Internationally, there has been much happening as well. In Quebec, in September, two disabled patients who are not terminally ill mounted a successful challenge to the current Canadian stipulation that ‘medical aid in dying’ can only be provided to a patient whose death is ‘reasonably foreseeable’. This has been deemed ‘too restrictive and discriminatory’. (5) It is highly significant that such a ruling has been made just four years after the original Canadian legal case that introduced assisted dying there. This, along with the case of Paul Lamb in the UK, simply underlines the case that CMF has been making for years that proposed laws in the UK for terminally ill and mentally competent adults with less than six months to live would be wide open for legal challenge from the day they came into effect, as many chronically, suffering patients seeking assisted suicide would be excluded by these stipulations.
There is also more encouraging news. On 10 June, the American Medical Association (AMA) voted 71% to 29% to retain its opposition to assisted suicide and euthanasia. They also adopted a recommendation retaining the term ‘physician-assisted suicide’, instead of more euphemistic phrases such as ‘assisted dying’ or ‘aid in dying’. The AMA’s Council on Ethical and Judicial Affairs concluded in its report that, ‘despite its negative connotations, the term “physician-assisted suicide” describes the practice with the greatest precision.’ (6)

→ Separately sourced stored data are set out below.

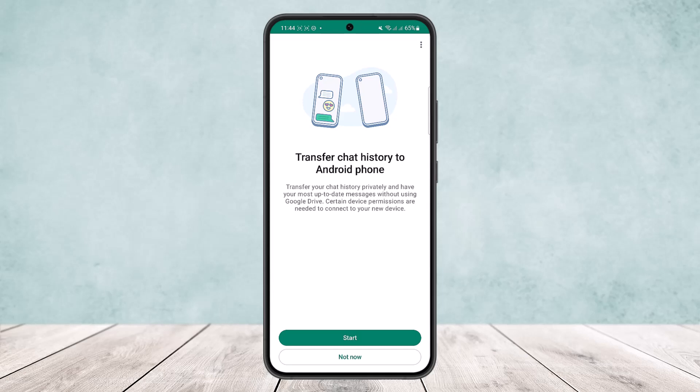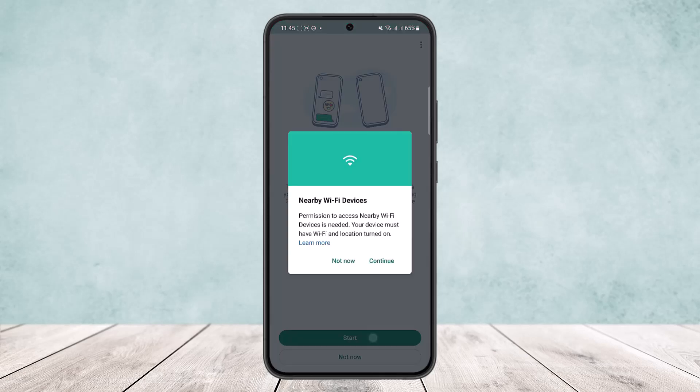If you scroll down below you'll find the option Transfer Chats. On your iPhone, open up this option and you can see the option 'Transfer chat history to Android phone' popping up on the screen. Simply tap on Start.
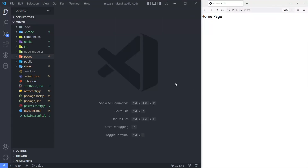Hi everyone, trust you all are doing well. So what we're going to do now is we're going to deal with layouts in Next.js. In this episode, we're going to deal with single layout. And in the next episode, we will deal with multiple layouts or nested layouts in Next.js.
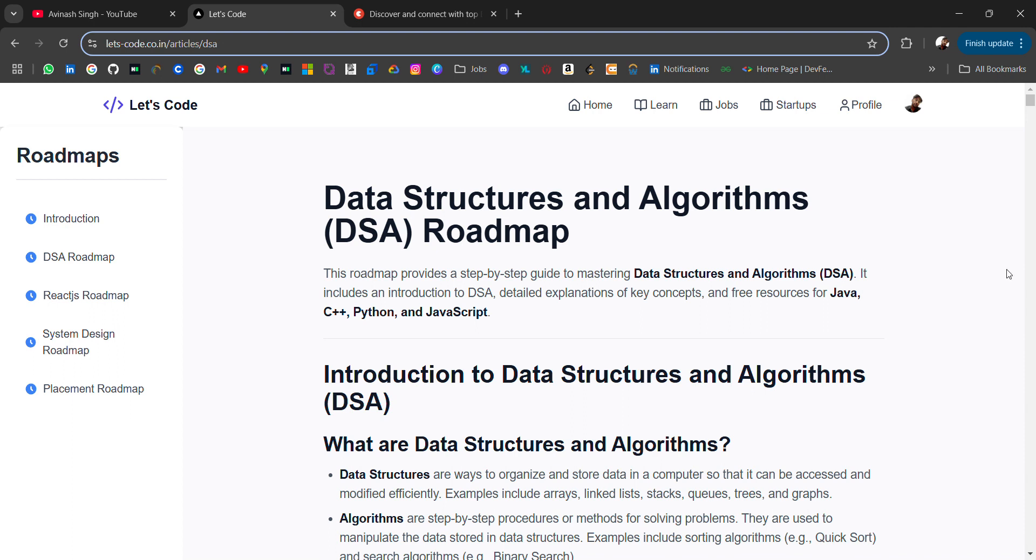Hello everyone, I'm Abhinash and I'm back again with an amazing resource for you guys - a Data Structures and Algorithms roadmap with complete resources. Don't skip this video if you are a college student, fresher, or working professional because today I will be sharing an amazing resource. Having these resources, you don't need to buy any DSA course.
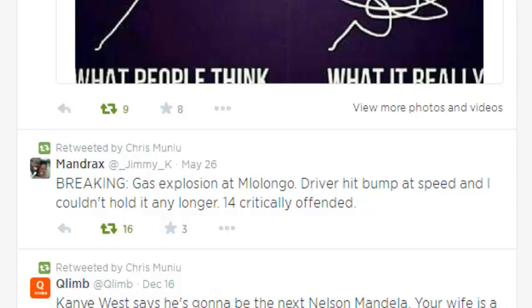So that's how you can delete tweets from Twitter. Thank you for watching. You can ask any question in the comments below and don't forget to subscribe. My name is Chris from webproeducation.org. We'll see you next time.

Furthermore, the World Medical Association (WMA) has also reconfirmed its longstanding opposition, after holding consultative conferences involving every continent in the world. At its 70th General Assembly in October, it announced that:
‘The WMA reiterates its strong commitment to the principles of medical ethics and that utmost respect has to be maintained for human life. Therefore, the WMA is firmly opposed to euthanasia and physician-assisted suicide. (7)
Although we expect pressure for legal change to continue unabated during 2020, the RCP legal ruling gives hope, and the decisions of the AMA and WMA are also highly encouraging. We encourage all members to keep informed and to engage where opportunities arise.